Children and adults gather around a large wooden island in the center of the kitchen. Fresh mushrooms, tomatoes in shades from bright yellow to deep red, snap peas, green beans, broccoli, and cauliflower are cut and spread out on a large counter.

Chef Sergio Esquivel drops carrots into boiling water, which are joined later by a veggie medley. A second skillet is filled with a heap of mushrooms.

The students age 10 and older are assigned various tasks cutting fruits and vegetables. Kevin Santiago, 11, rolls masa infused with beet purée into balls, flattening them in a tortilla press.

The four-day Junior Sprouting Chefs Club is part of the H.O.P.E. for Small Farming Sustainability’s outreach around the Rio Grande Valley, which is funded by a USDA grant.

This is the first of two four-day sessions for children and their parents at St. Joseph’s Catholic Church in Donna. H.O.P.E. held camps in both Rio Hondo and Harlingen this summer. After next week’s second Donna cohort, the initiative heads to a San Benito colonia for after-school sessions.

Since funding supporting the project lasts through September, Diana Garcia-Padilla said she expects her team to also visit schools next month to preach growing and healthy eating.

The objective of the initiative is to introduce and familiarize kids with fruits and veggies, she said.

H.O.P.E. team member Duane Pace recalled asking students at a previous camp what their favorite vegetables are.

“One little boy said, ‘macaroni and cheese,’” said Pace, who replied that it wasn’t a vegetable. “‘Oh, well that’s all my parents make.’

“By the end of the week, when we were doing our Vietnamese spring rolls, he was willing to try everything.”

Garcia-Padilla said pushing healthier foods isn’t just about the direct benefit of nutrition.

“It changes their mentality, not just about the vegetables but about life,” she said. “Try it first, and then you say you don’t like it.”

Chef Esquivel said parents have to be willing to experiment. The students helped make a mango-pineapple dressing for their spinach salad.

“If you say ‘he doesn’t like spinach,’ then of course he doesn’t eat salads. He doesn’t eat greens,” he said, preferring to a student. “But when he made it, he liked it.”

The key was combining the veggie with something he liked, Esquivel said. And experimenting won’t just lead to using better foods, but it could save money.

“Cook what you have,” he said, adding it’s much cheaper to make a fruit dressing — which can be made from anything — than to buy a bottle. “You can save money and get healthier.”

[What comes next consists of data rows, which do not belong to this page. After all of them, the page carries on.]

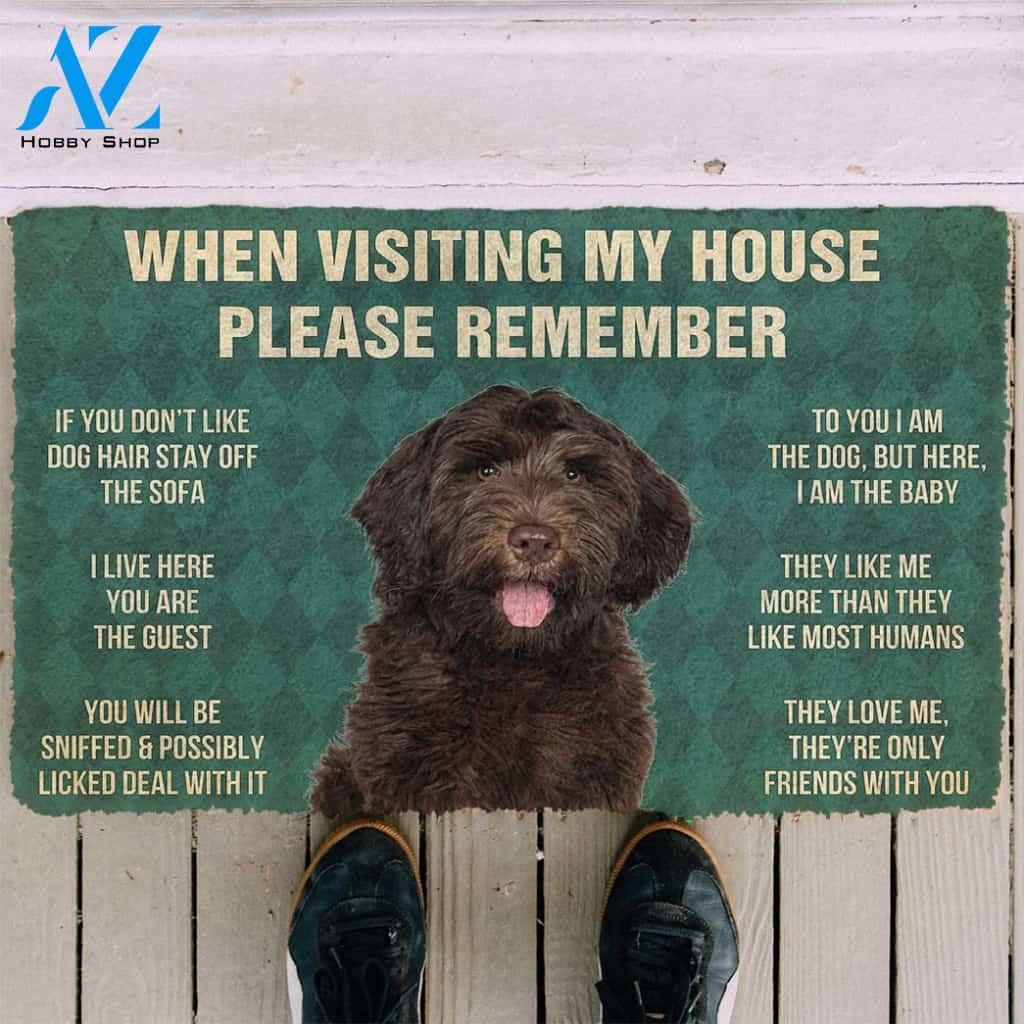 3D Please Remember Chocolate Labradoodles House Rule Custom Doormat | Welcome Mat | House Warming Gift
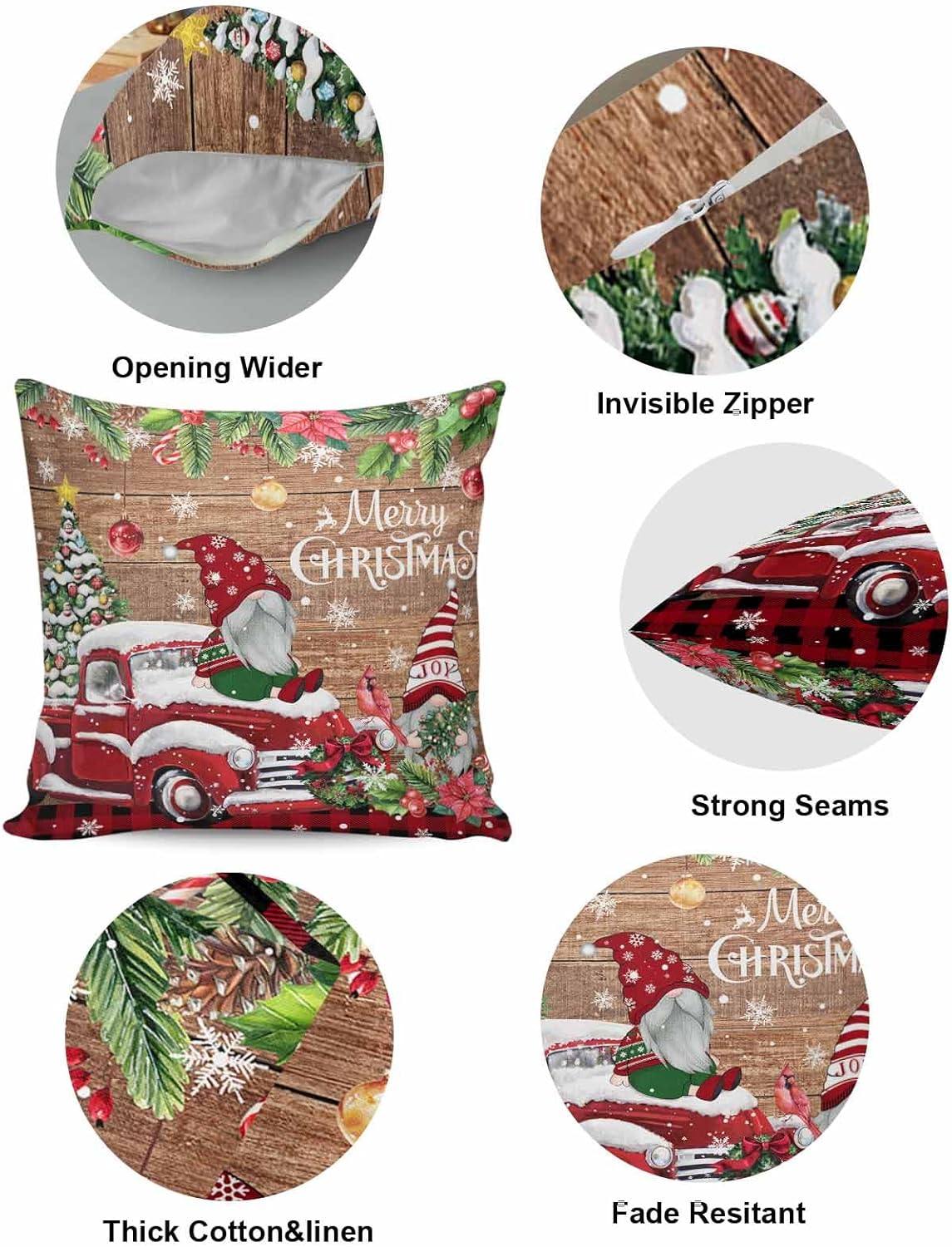 Juego de 2 fundas de almohada de 18 x 18 pulgadas, diseño de camión de gnomo de Navidad, fundas de almohada cuadradas de lino y algodón para patio,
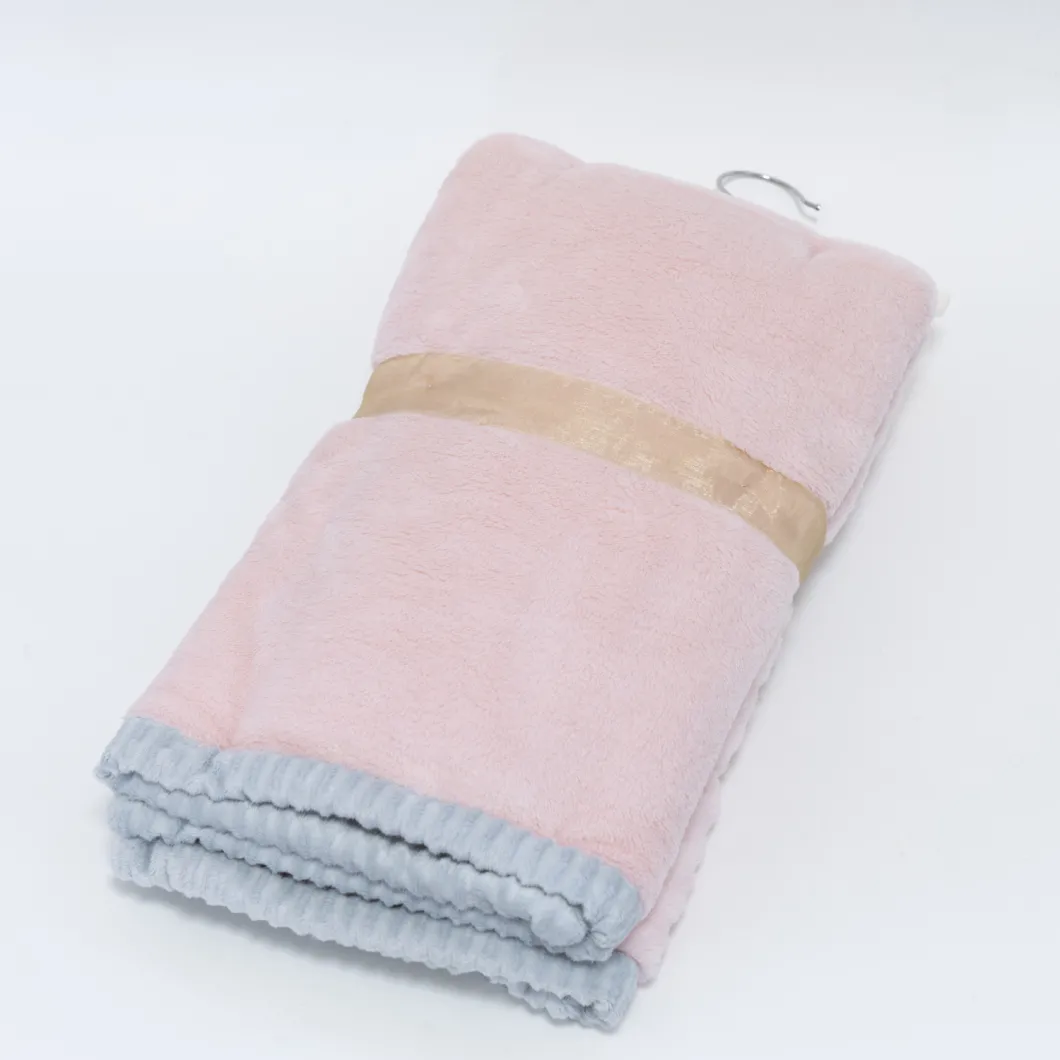 Wholesale Super Soft 100% Polyester Minky DOT Baby Blanket for Newborn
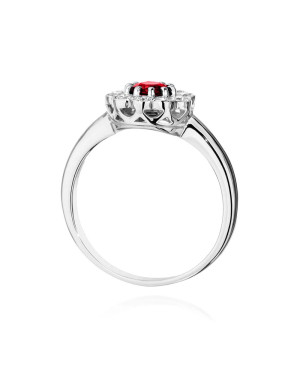 Pierścionek z rubinem 0,60ct diamenty białe złoto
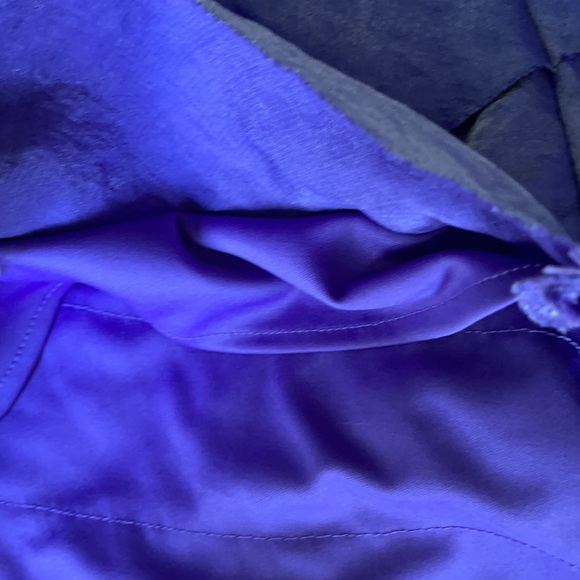 London Times Dress Tiered Purple Iridescent Cap Sleeve Mother Bride Raw Edge - Picture 11 of 16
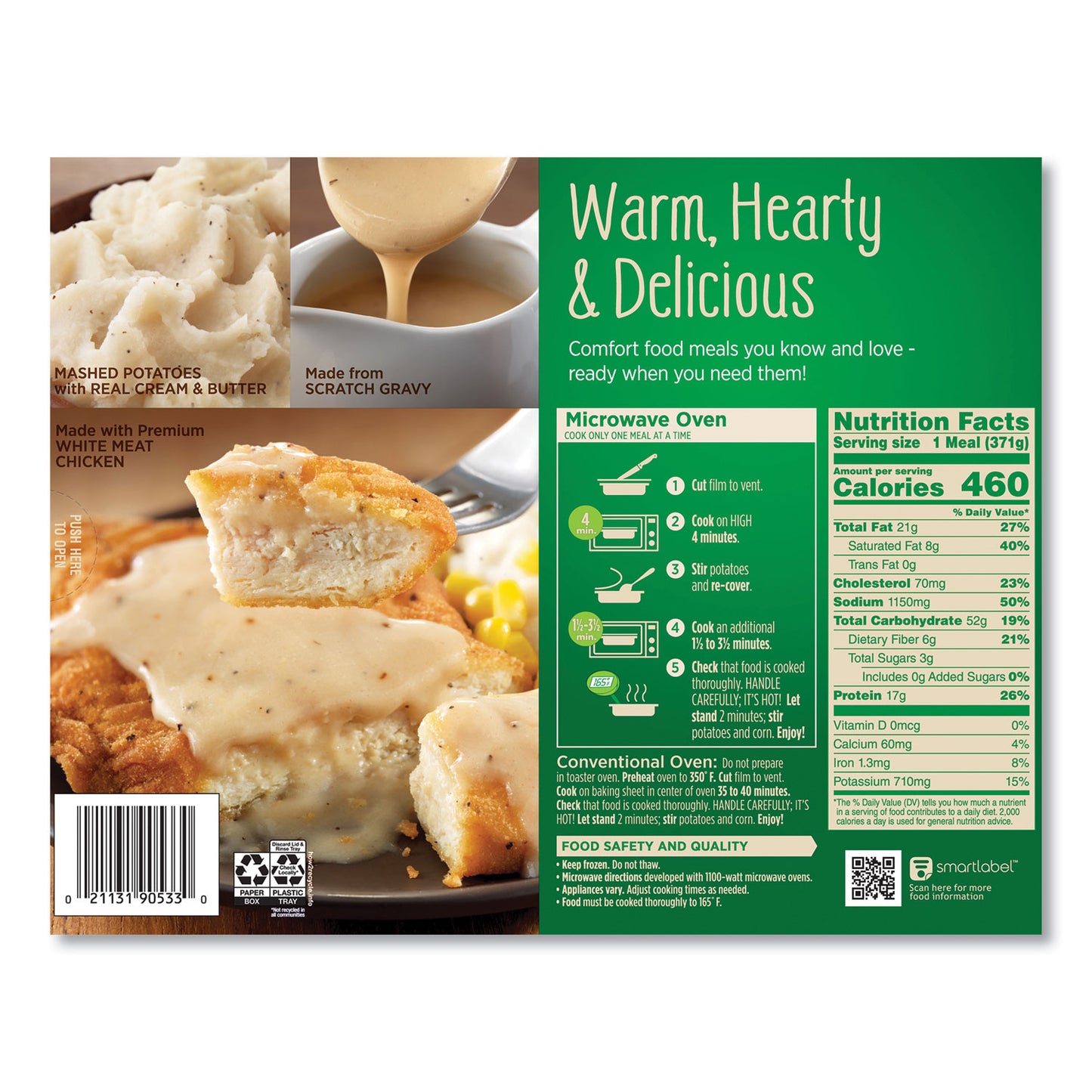 Marie Callender's Country Fried Chicken and Gravy, 13.1 oz Bowl, 5/Pack (90300169)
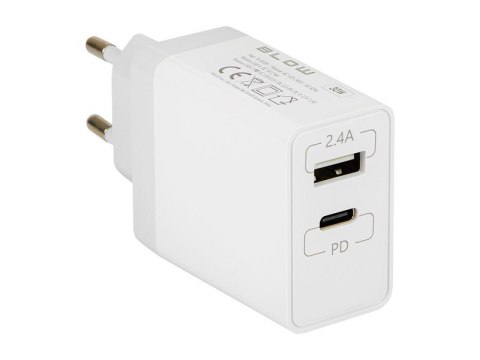 Ładowarka sieciowa z gniazdem USB+USB-C 30W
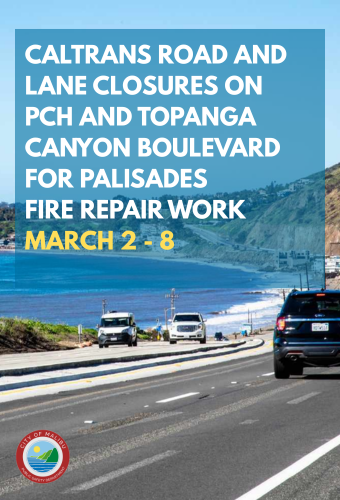Caltrans Road and Lane closures March 2 - 8 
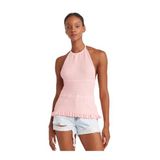 Dilvin Halter Bağlamalı Yaka Fırfır Dokulu Triko Bluz, Standart, 101A10796, Açık Pembe, Kadın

While the chef works on the dishes, a bowl of cooked beets are passed around. Some boys, including Kevin, look at the foreign food with trepidation. But when he grabs the purple flesh from the fork and put it in his mouth, he’s pleasantly surprised.

He gets seconds.

“Sometimes they’re scared to eat it because their parents don’t know how to fix it,” Garcia-Padilla said, adding they could not make it at all.

And the more connected kids feel to food, she said, the more likely they are to eat it, which is why the curriculum covers planting, growing and composting as well.

“If kids grow the food, they’ll eat it,” Garcia-Padilla said.

But, the team knows the most important part of the program is including the parents.

“If parents are not willing to be adventurous with vegetables …. then they’ll continue to give them the same foods that don’t have any nutrition whatsoever,” she said.

She called on more parents to get their kids involved in the kitchen and to expand the communal culture of food to also include feeding the family.

Garcia-Padilla pulled out her phone and tapped to a message from a program alum parent.

“‘Joaquin offered on his own to peel and prep the cucumber for dinner,’” she reads. “‘Your camp is an influence.’ This is what happens and it’s awesome.”